Maar de PvdA is in haar woede ook lichtelijk vergeetachtig. Zelf opereerde ze evengoed opportunistisch in deze zaak. Toen de hele zaak volop speelde, vond Wouter Bos het nodig om het kabinet op te roepen om regeringen zoals de Marokkaanse, die hun burgers verbieden om hun paspoort op te geven ook als ze daarnaast een Nederlands paspoort , daar kritisch op aan te spreken.

De NRC noemde het gekozen moment "op zijn zachtst gezegd opmerkelijk" , ook al herhaalt Bos hiermee volgend die krant een eerder via een motie naar voren gebracht standpunt. En Femke Halsema, fractievoorzitter van GroenLinks, merkte over de PvdA op: "De partij is mee gaan bewegen met Wilders, vermoedelijk om weggelopen kiezers te behagen. Het effect kan wel eens tegenovergestel;d zijn, hier snapt geen kiezer meer iets van." Halsema signaleert hier bij de PvdA terecht dezelfde dubbelheid die ik eerder aanwees in de opstelling van Marijnissen.

De woede van Tichelaar op Marijnissen heeft opportunistische trekjes, en zou wel eens samen kunnen hangen met een groeiende nervositeit over de aanval die de SP keer op keer op de PvdA inzet. En waar Marijnissens opmerkingen over paspoorten een rechtse strekking hebben, is die aanval van SP op Pvda verder overwegend links van aard.

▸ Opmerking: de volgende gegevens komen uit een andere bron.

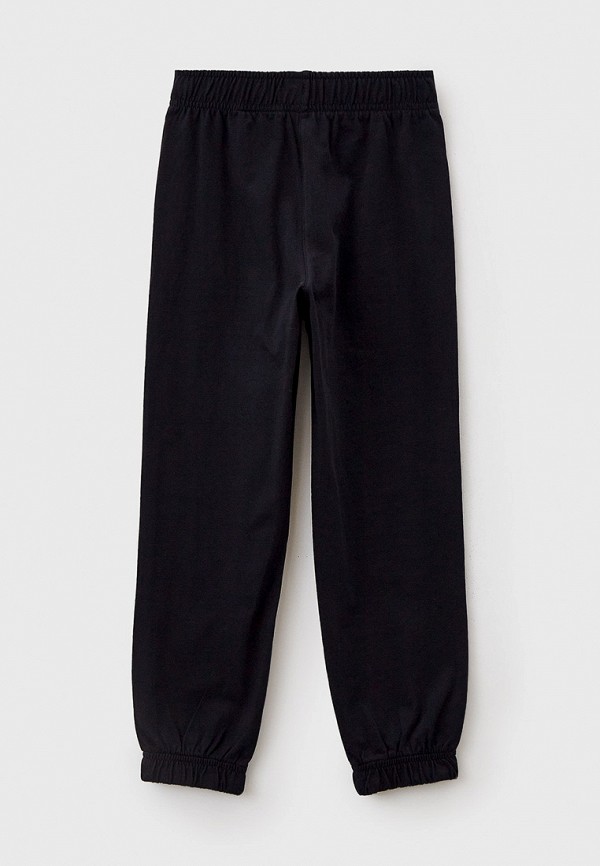 фото Брюки спортивные demix
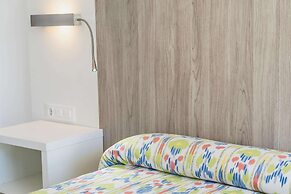 Hotel Amic Can Pastilla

Dat geldt voor de campagne 'Openheid over Irak' waar vooral ook de SP als aanjager optreedt, om een onderzoek rond de Irak-oorlog te eisen. Die campagne begint het kabinet wel degelijk in gevaar te brengen. "Irak-protest brengt PvdA in problemen" , zo bericht Trouw op 31 maart. Enige aandacht voor een heel andere kwestie, waarin de PvdA verschijnt als de vermoorde linkse onschuld - zou het de leiding van die partij tactisch wel zo slecht uitkomen?